Nowadays working side by side (physically) with other engineers is becoming something from the past. Hybrid and Remote position are becoming common in many companies. So no more printing the project and let in the co-work table to be checked. You either send the PDF (or software file) by e-mail or save it in the company drive.
Our approach is a little bit better. We let the USER choose which USERs can access the project, equipment and part and what kind of permission they will have. You can let some USERs change anything in a Part or let they only see it (input and output).
To share a project, equipment or part you must be its owner. You can be the owner by either creating the project, equipment or part or if the current owner delegates it to you. Also the option Disable sharing of this Part? in the Settings tab must be set to No (see Fig. 4.5.1.), in case of Part and if it's a Project or Equipment, the sharing button in the PJM module must be set to enable (see more about it in the Project Management documentation).

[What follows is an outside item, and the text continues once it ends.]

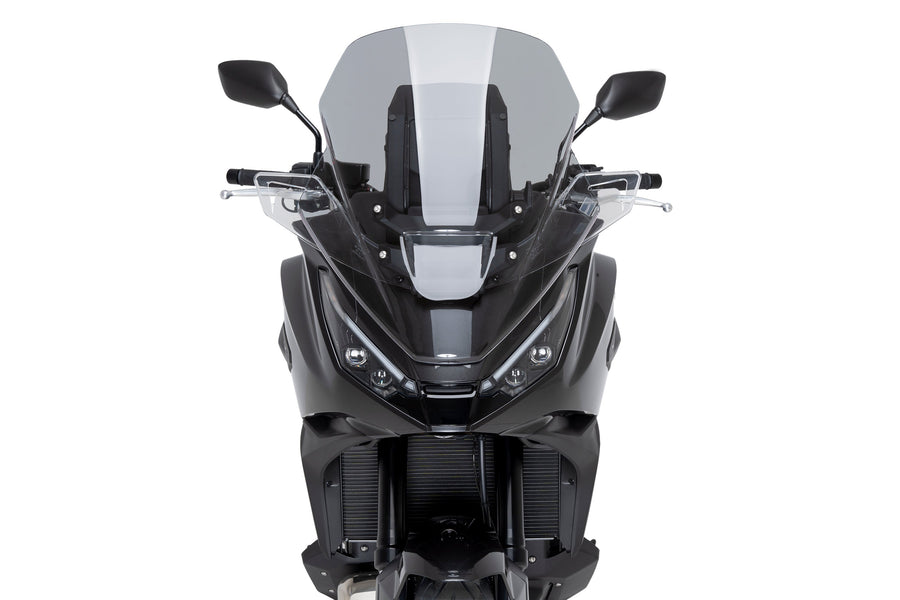 HONDA NT 1100 DCT [2025] – touring screen – heavily tinted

Currently there are two types of sharing status:
- Full Access: this type of access let the USER make changes to the Project, Equipment and Part but can't delete it (only its owner can do that)

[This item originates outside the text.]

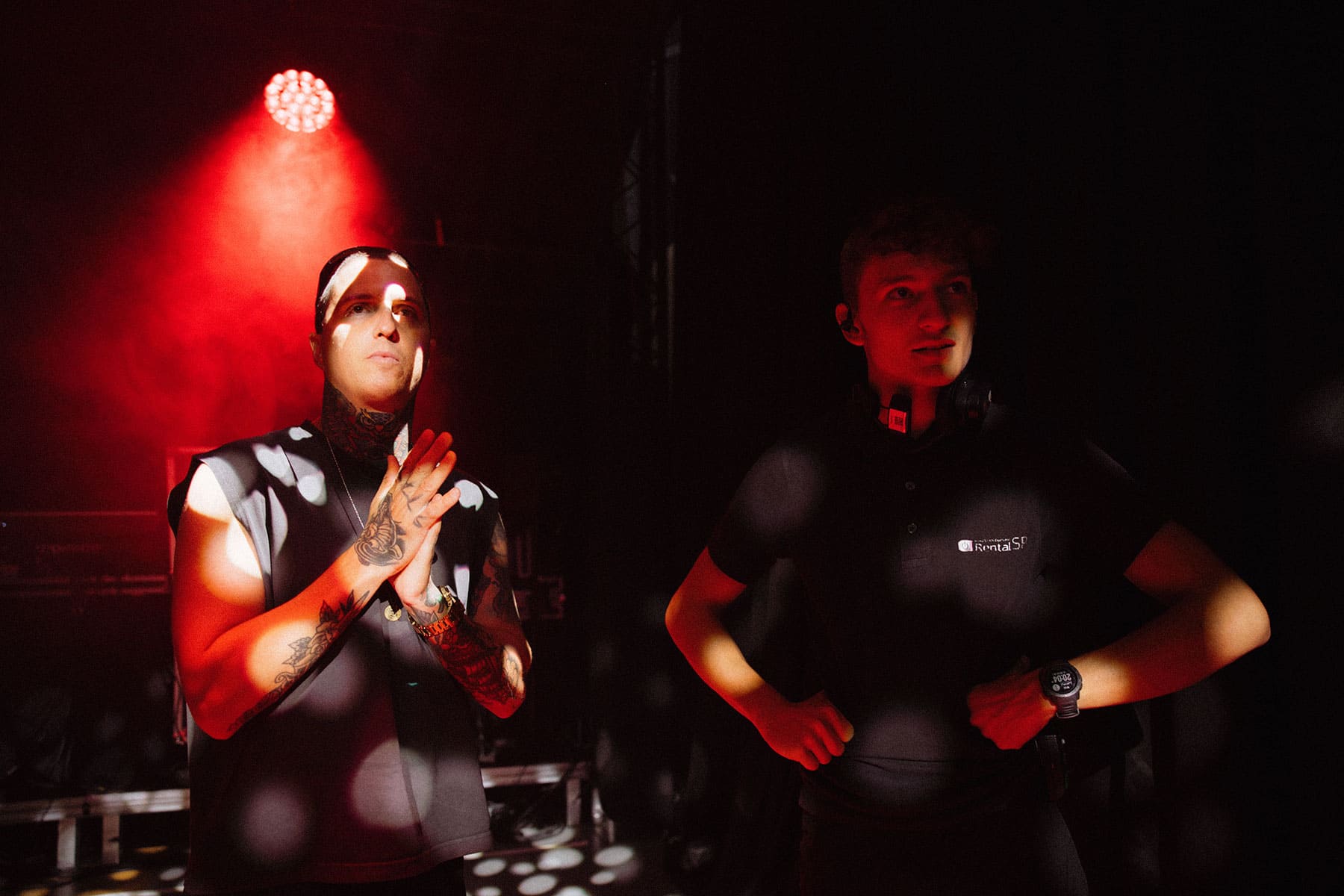 Session con DJ Wildness Rose 37 Session con DJ Wildness Rose 37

- View Access: USER with this type of access can't make changes, can only see the input and output data.
7. Limitations
The version 1.0.0 comes with some limitations which are listed below:
-
This version can't be used to calculate the following situations:
- Shell under External Pressure (UG-28);
- Stiffening Rings (UG-29);
- Head with Pressure on Convex Side (UG-33);
- Spherical Shell (UG-27(d));
- Negative temperatures.
- Bolted flat heads as per Figure UG-34(j) and (k)
- Square, rectangular, elliptical, obround, segmental or otherwise noncircular flat heads.

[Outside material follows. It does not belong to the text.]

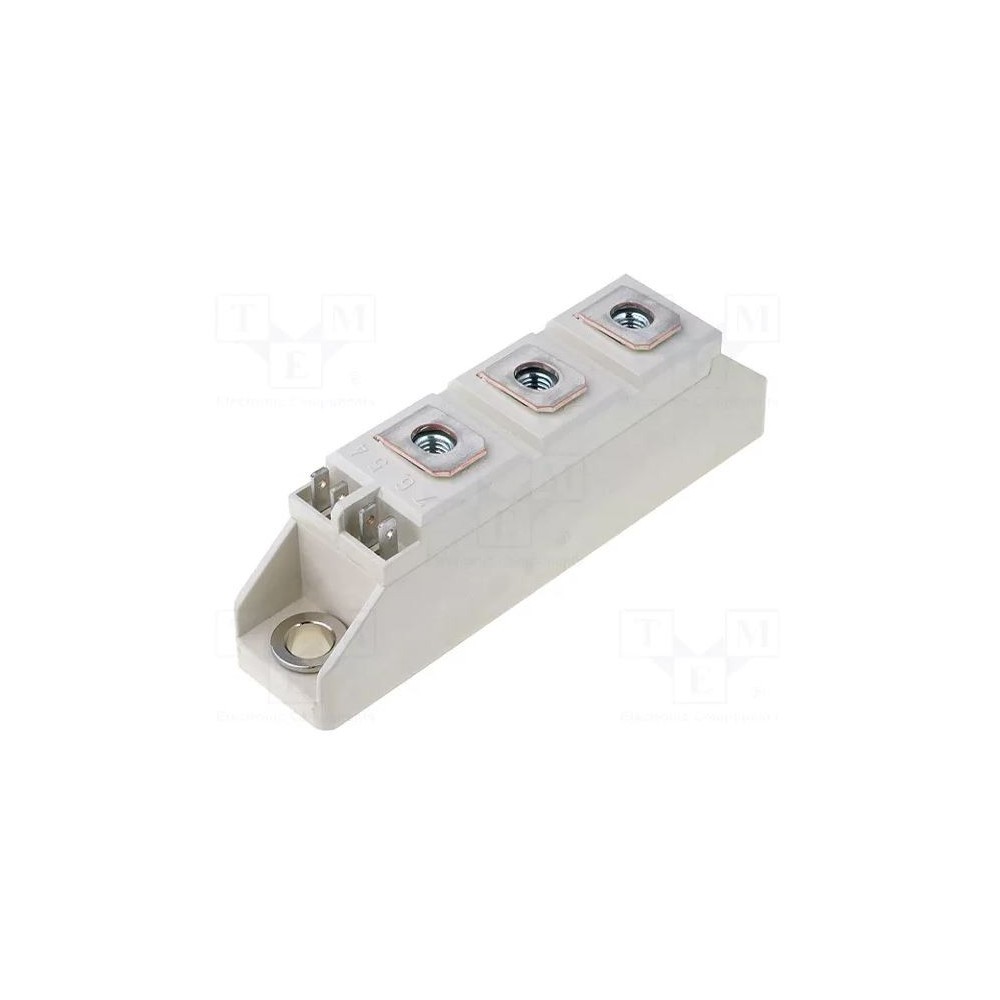 THYRISTOR DOUBLE SKKT27/16E 27A 1600V SEMIPACK1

- Flat head with gasket groove (see Figure UG-34(k)).
8. Equations
The equations shown in the Results page come mainly from ASME BPVC Section VIII as this Module focus in such standard code. The only equations that didn't come from the Code is the volume and weight, which we used some math and trigonometry to find out.
List of equations that we didn't find in the Code and is used in the Module:
- Torispherical Head Volume and Weight
- Minimum Design Metal Temperature
- Hydrostatic Pressure on Head and Shell
9. Results
9.1. Summary
The Summary (see Fig. 9.1.1.) shows the most important information from the results. It also shows if there's some error in the calculation (it'll be shown in red).
In the future version we'll let the User select which information want to see in it.
9.2. Input
The Input tab (see Fig. 9.2.1.) in the results page shows all the information from the input page. It can be used to check all the data inserted by the User and by our system. The input will also be shown in the Calculation Report (DOCX).
9.3. Output
9.4. Bottom Menu
At the bottom of the page you'll find three buttons (see Fig. 9.4.1.):
- Back: will bring the USER back to the Input page
- Save: will save the Part and the USER will be able to access it using the direct link shown in the browser or through the Project Management module
- Report: will generate and download the Calculation Report
9.5. Summary
To help USER easily check the equations and input data we created a summary which is show at the right side of the page (see Fig. 9.5.1.). It's composed by hyperlinks and if clicked the part where the item is located will be show. The list is divided in Input and Output to facilitate the identification.
10. Testing
If you access the Shell & Head Design module without being logged, you'll see a warning message as shown in the Fig. 10.1. stating that you're entering into a testing environment, which basically means that you'll not be able to use it in a real case, as some features are disabled and the data range that can be use is limited.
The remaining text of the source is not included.